Each record must be repeated exactly. None may be dropped.

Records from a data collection
# # # # # # #

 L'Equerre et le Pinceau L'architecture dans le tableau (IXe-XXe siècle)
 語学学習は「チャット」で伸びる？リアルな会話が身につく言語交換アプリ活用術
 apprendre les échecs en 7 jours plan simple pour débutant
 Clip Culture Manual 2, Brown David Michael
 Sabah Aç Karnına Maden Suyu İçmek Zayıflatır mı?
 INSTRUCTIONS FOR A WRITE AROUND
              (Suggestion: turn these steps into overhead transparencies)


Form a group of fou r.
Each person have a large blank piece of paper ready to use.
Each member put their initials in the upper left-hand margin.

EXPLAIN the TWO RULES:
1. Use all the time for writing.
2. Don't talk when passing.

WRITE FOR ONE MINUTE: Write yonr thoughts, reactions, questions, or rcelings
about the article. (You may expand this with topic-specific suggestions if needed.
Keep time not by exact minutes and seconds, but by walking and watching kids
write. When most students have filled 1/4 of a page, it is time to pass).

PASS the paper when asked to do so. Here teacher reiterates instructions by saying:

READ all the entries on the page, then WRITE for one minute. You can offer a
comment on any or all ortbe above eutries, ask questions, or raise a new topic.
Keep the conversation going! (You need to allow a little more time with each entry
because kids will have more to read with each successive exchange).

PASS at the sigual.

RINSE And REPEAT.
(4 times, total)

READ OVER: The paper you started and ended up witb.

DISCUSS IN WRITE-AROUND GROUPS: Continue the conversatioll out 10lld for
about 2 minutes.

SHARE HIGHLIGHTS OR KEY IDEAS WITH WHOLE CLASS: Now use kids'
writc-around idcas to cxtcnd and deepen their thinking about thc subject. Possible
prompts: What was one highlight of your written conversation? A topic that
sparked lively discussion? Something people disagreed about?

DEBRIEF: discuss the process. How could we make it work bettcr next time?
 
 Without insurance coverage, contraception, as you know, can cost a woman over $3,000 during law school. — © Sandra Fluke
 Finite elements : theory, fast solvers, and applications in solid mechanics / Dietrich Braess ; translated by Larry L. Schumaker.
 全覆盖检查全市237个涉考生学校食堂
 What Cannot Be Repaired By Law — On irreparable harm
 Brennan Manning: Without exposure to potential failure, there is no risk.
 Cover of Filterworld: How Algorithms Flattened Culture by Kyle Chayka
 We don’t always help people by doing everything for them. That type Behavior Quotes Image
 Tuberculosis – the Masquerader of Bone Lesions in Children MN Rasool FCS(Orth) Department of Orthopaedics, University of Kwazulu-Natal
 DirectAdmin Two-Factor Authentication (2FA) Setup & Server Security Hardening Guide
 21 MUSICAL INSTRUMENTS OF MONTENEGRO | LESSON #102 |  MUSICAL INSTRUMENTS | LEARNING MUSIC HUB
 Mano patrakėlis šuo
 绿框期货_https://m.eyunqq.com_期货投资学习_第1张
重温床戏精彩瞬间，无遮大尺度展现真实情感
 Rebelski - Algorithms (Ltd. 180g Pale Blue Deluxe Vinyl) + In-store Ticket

# # # # # # #

[Problem solution]
 L'Equerre et le Pinceau L'architecture dans le tableau (IXe-XXe siècle)
 語学学習は「チャット」で伸びる？リアルな会話が身につく言語交換アプリ活用術
 apprendre les échecs en 7 jours plan simple pour débutant
 Clip Culture Manual 2, Brown David Michael
 Sabah Aç Karnına Maden Suyu İçmek Zayıflatır mı?
 INSTRUCTIONS FOR A WRITE AROUND
              (Suggestion: turn these steps into overhead transparencies)


Form a group of fou r.
Each person have a large blank piece of paper ready to use.
Each member put their initials in the upper left-hand margin.

EXPLAIN the TWO RULES:
1. Use all the time for writing.
2. Don't talk when passing.

WRITE FOR ONE MINUTE: Write yonr thoughts, reactions, questions, or rcelings
about the article. (You may expand this with topic-specific suggestions if needed.
Keep time not by exact minutes and seconds, but by walking and watching kids
write. When most students have filled 1/4 of a page, it is time to pass).

PASS the paper when asked to do so. Here teacher reiterates instructions by saying:

READ all the entries on the page, then WRITE for one minute. You can offer a
comment on any or all ortbe above eutries, ask questions, or raise a new topic.
Keep the conversation going! (You need to allow a little more time with each entry
because kids will have more to read with each successive exchange).

PASS at the sigual.

RINSE And REPEAT.
(4 times, total)

READ OVER: The paper you started and ended up witb.

DISCUSS IN WRITE-AROUND GROUPS: Continue the conversatioll out 10lld for
about 2 minutes.

SHARE HIGHLIGHTS OR KEY IDEAS WITH WHOLE CLASS: Now use kids'
writc-around idcas to cxtcnd and deepen their thinking about thc subject. Possible
prompts: What was one highlight of your written conversation? A topic that
sparked lively discussion? Something people disagreed about?

DEBRIEF: discuss the process. How could we make it work bettcr next time?
 
 Without insurance coverage, contraception, as you know, can cost a woman over $3,000 during law school. — © Sandra Fluke
 Finite elements : theory, fast solvers, and applications in solid mechanics / Dietrich Braess ; translated by Larry L. Schumaker.
 全覆盖检查全市237个涉考生学校食堂
 What Cannot Be Repaired By Law — On irreparable harm
 Brennan Manning: Without exposure to potential failure, there is no risk.
 Cover of Filterworld: How Algorithms Flattened Culture by Kyle Chayka
 We don’t always help people by doing everything for them. That type Behavior Quotes Image
 Tuberculosis – the Masquerader of Bone Lesions in Children MN Rasool FCS(Orth) Department of Orthopaedics, University of Kwazulu-Natal
 DirectAdmin Two-Factor Authentication (2FA) Setup & Server Security Hardening Guide
 21 MUSICAL INSTRUMENTS OF MONTENEGRO | LESSON #102 |  MUSICAL INSTRUMENTS | LEARNING MUSIC HUB
 Mano patrakėlis šuo
 绿框期货_https://m.eyunqq.com_期货投资学习_第1张
重温床戏精彩瞬间，无遮大尺度展现真实情感
 Rebelski - Algorithms (Ltd. 180g Pale Blue Deluxe Vinyl) + In-store Ticket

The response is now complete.